I had a very similar issue as you did with the dimensions. Here's the rundown:

Every node you see inside the LSTM cell has the exact same output dimensions, including the cell state. Otherwise, you'll see with the forget gate and output gate, how could you possible do an element wise multiplication with the cell state? They have to have the same dimensions in order for that to work.
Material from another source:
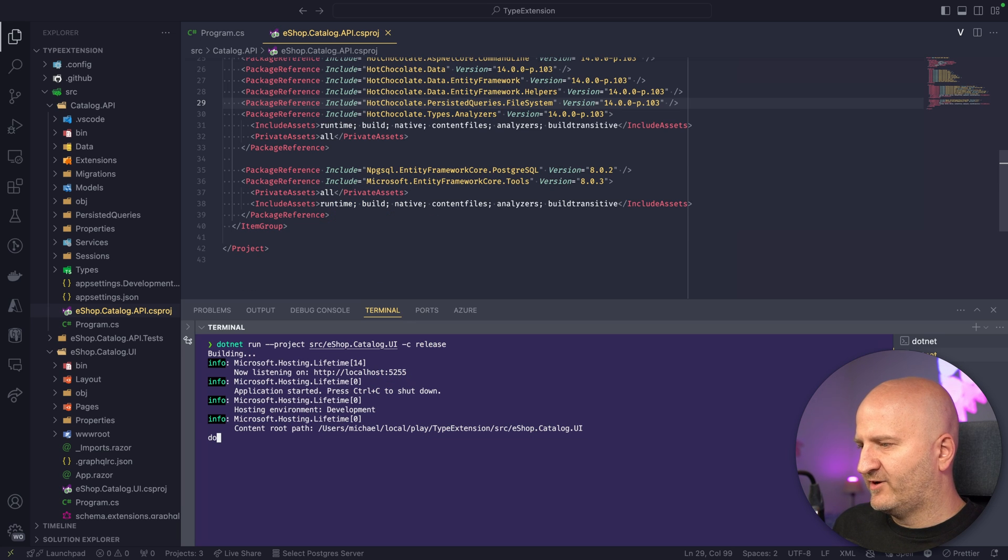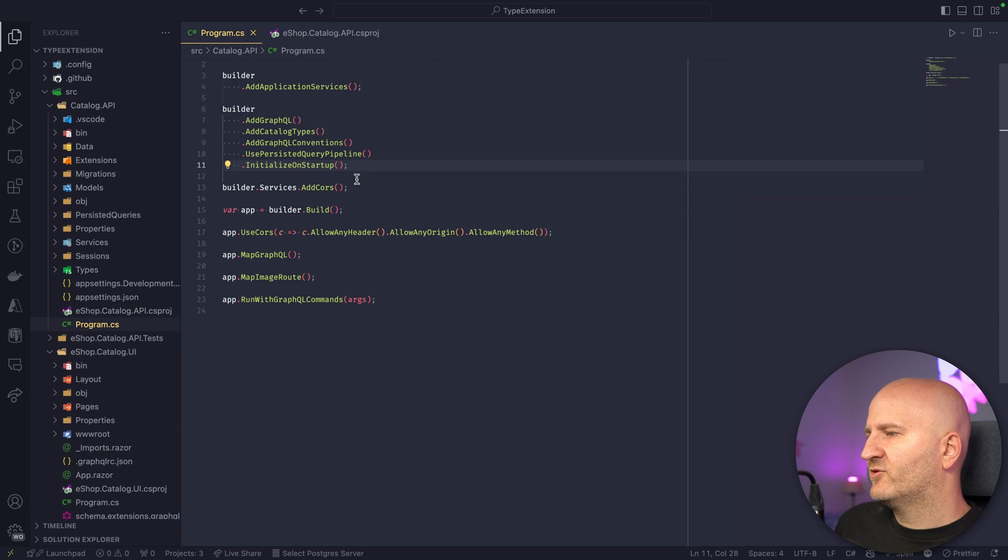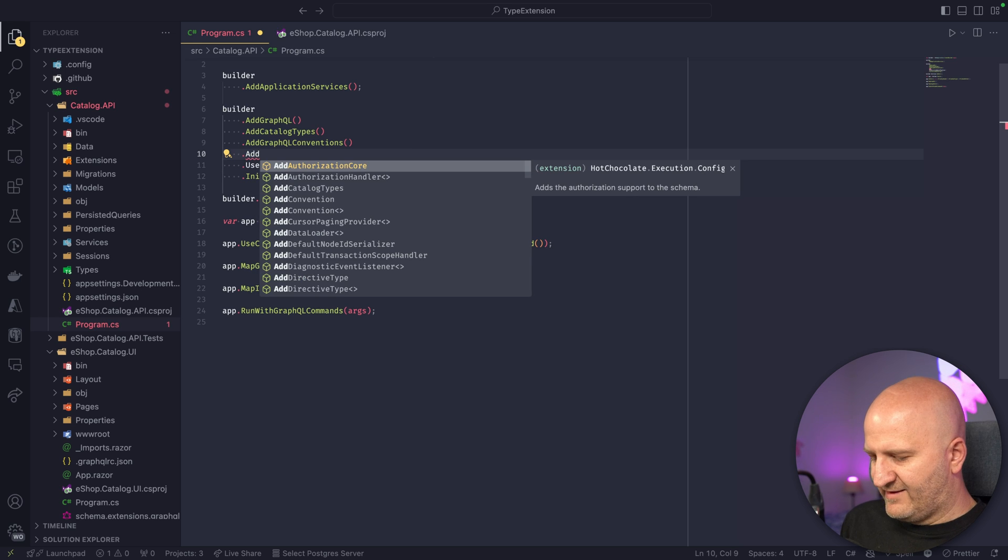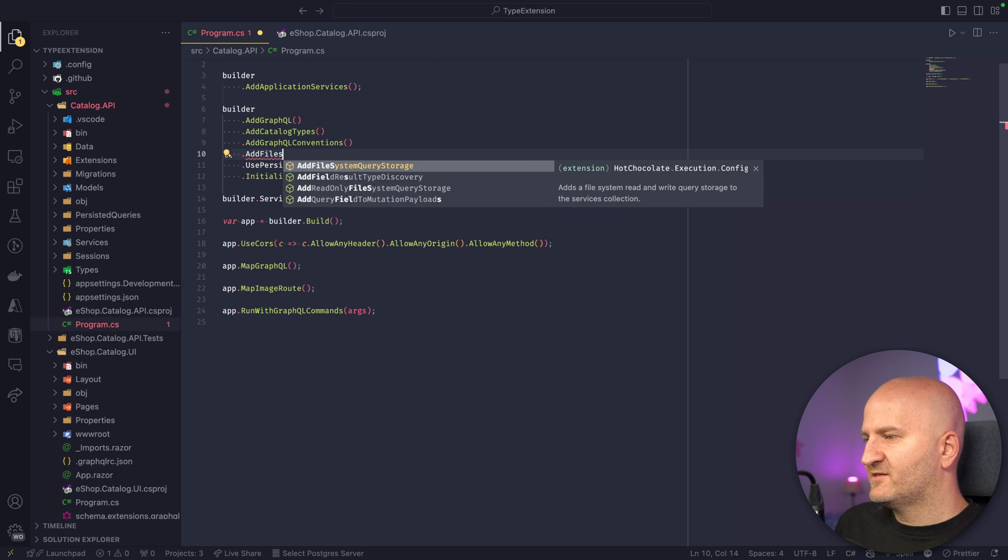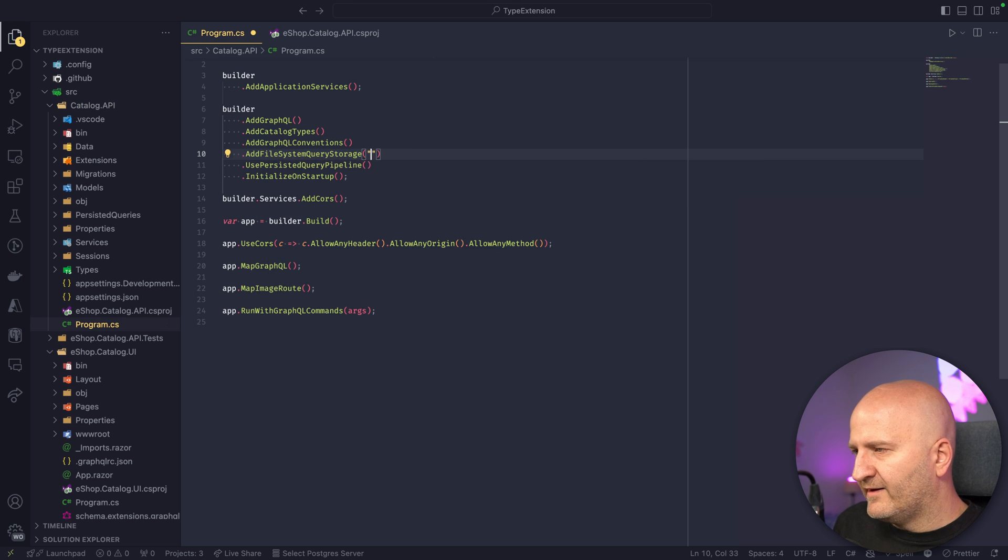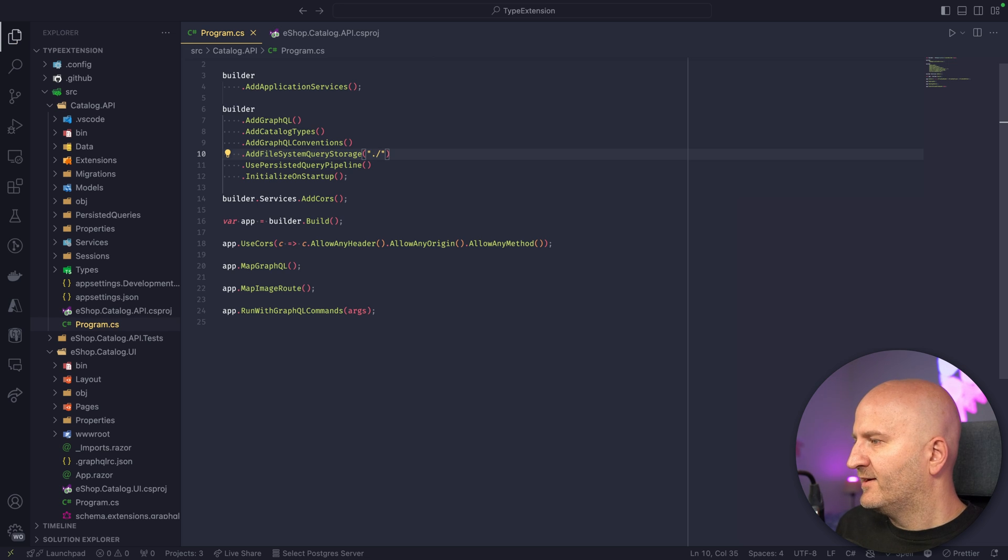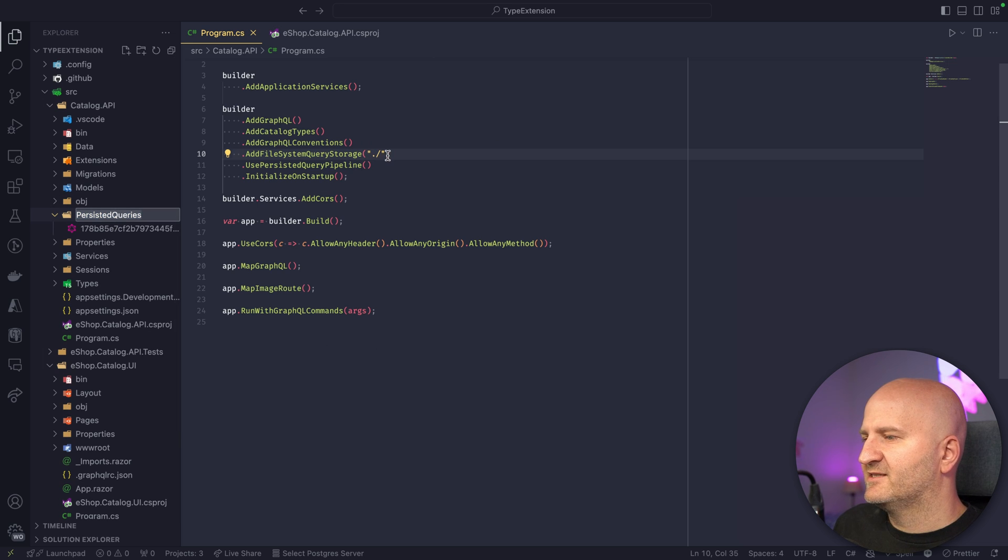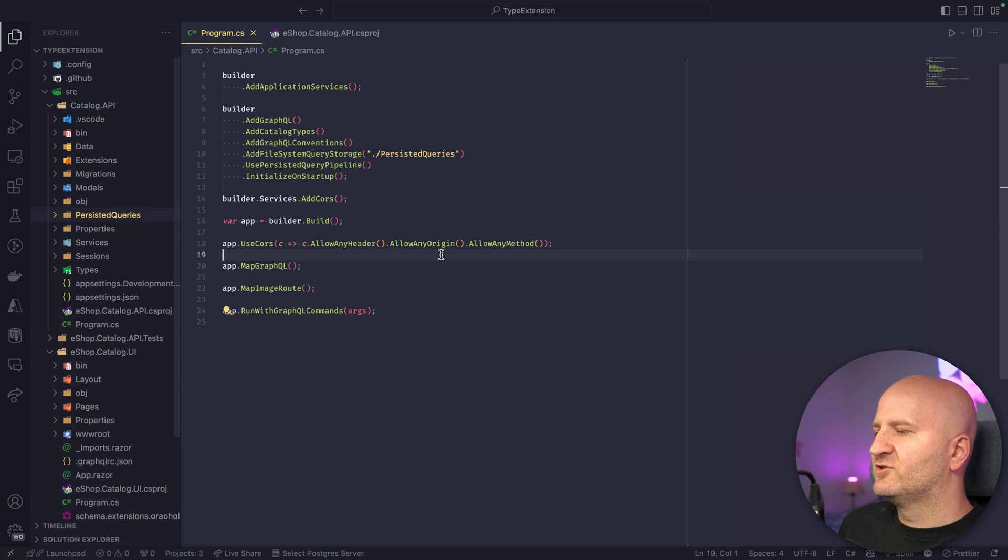With this edit, let's quickly restore. And then we can go to our program.cs here. And then we add the file system query storage. And in here, we pass the path where we are storing our queries. So this is the Persisted queries here. And then we are actually good to go.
Using an example where n_hiddenunits = 256:

Output of forget gate: 256
Input gate: 256
Activation gate: 256
Output gate: 256
Cell state: 256
Hidden state: 256


Now this can obviously be problematic if you want the LSTM to output, say, a one hot vector of size 5. So to do this, a softmax layer is slapped onto the end of the hidden state, to convert it to the correct dimension. So just a standard FFNN with normal weights (no bias', because softmax). Now, also imagining that we input a one hot vector of size 5:

input size: 5
total input size to all gates: 256+5 = 261 (the hidden state and input are appended)
Output of forget gate: 256
Input gate: 256
Activation gate: 256
Output gate: 256
Cell state: 256
Hidden state: 256
Final output size: 5


That is the final dimensions of the cell.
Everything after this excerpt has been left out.